The Convertible Notes accrue interest at a fixed rate of 10% per annum upon issuance and until maturity or earlier conversion or redemption. Interest is payable quarterly, in arrears, on January 1, April 1, July 1, and October 1, of each year. The Convertible Notes are convertible into shares of our common stock at a conversion ratio of one share of common stock for each $5.00 in aggregate principal amount held on the record date of the conversion subject to certain adjustments as described in the Convertible Notes. Prior to October 1, 2014, each holder of the Convertible Notes may convert up to 100% (at the discretion of the holder) of the original principal amount into shares of our common stock at the conversion ratio. On October 1, 2014, one-half of the original principal amounts are mandatorily convertible into common stock at the conversion ratio if voluntary conversion has not occurred. The principal amount of any Convertible Note that has not been converted will be payable at maturity on June 30, 2017.

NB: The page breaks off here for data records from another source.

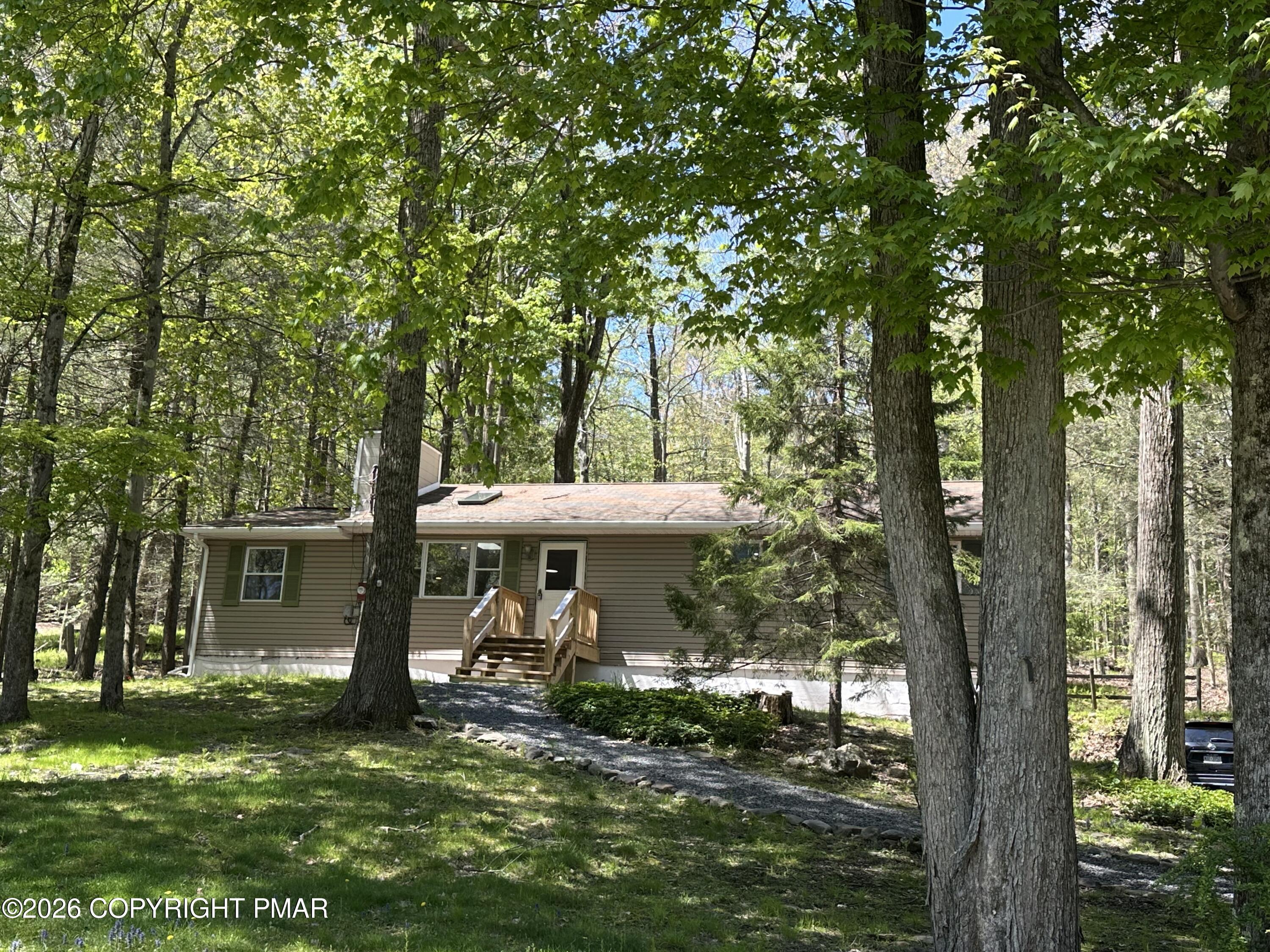 Image 1: Spring front of house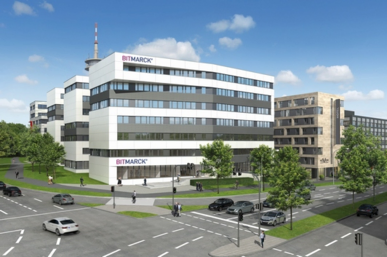 Multi-storey office building with BITMARCK signage at an intersection, cars and pedestrians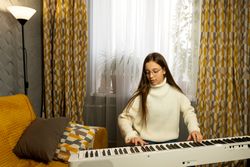 Girl in glasses playing piano with focus in decorated home.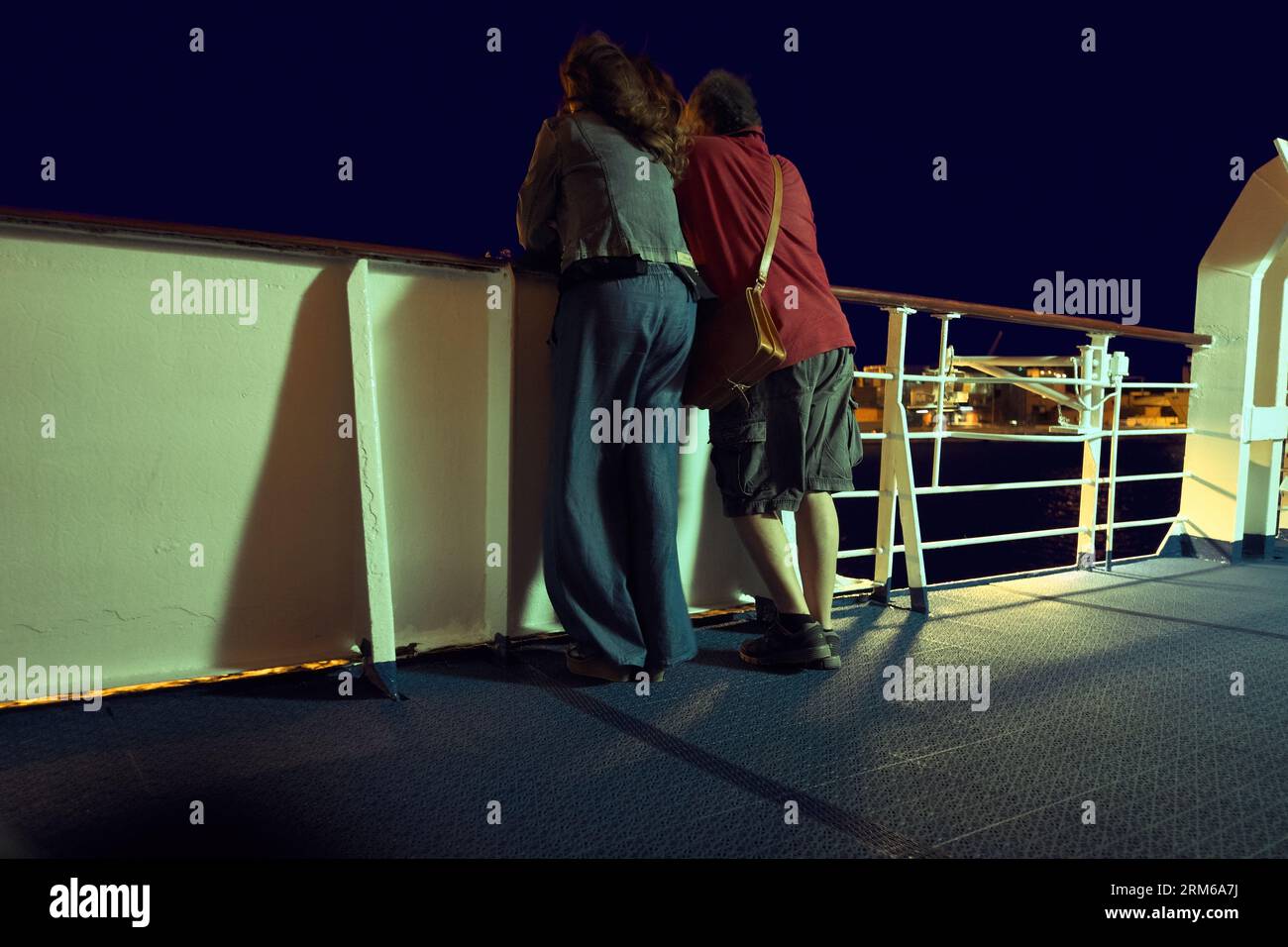 at night a couple looks out from the deck of a ship leaving for the Balkans from the port of Bari, Italy Stock Photo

We use a variety of financial instruments in the normal course of business to meet the financial needs of our customers. These financial instruments include commitments to extend credit, commitments to originate residential mortgage loans held for sale, commercial letters of credit, standby letters of credit, and forward commitments to sell residential mortgage loans. Please refer to our Annual Report on Form 10-K for the year ended December 31, 2010 for quantitative and qualitative disclosures about our fixed and determinable contractual obligations. Items disclosed in the 2010 Annual Report on Form 10-K have not materially changed since that Report was filed.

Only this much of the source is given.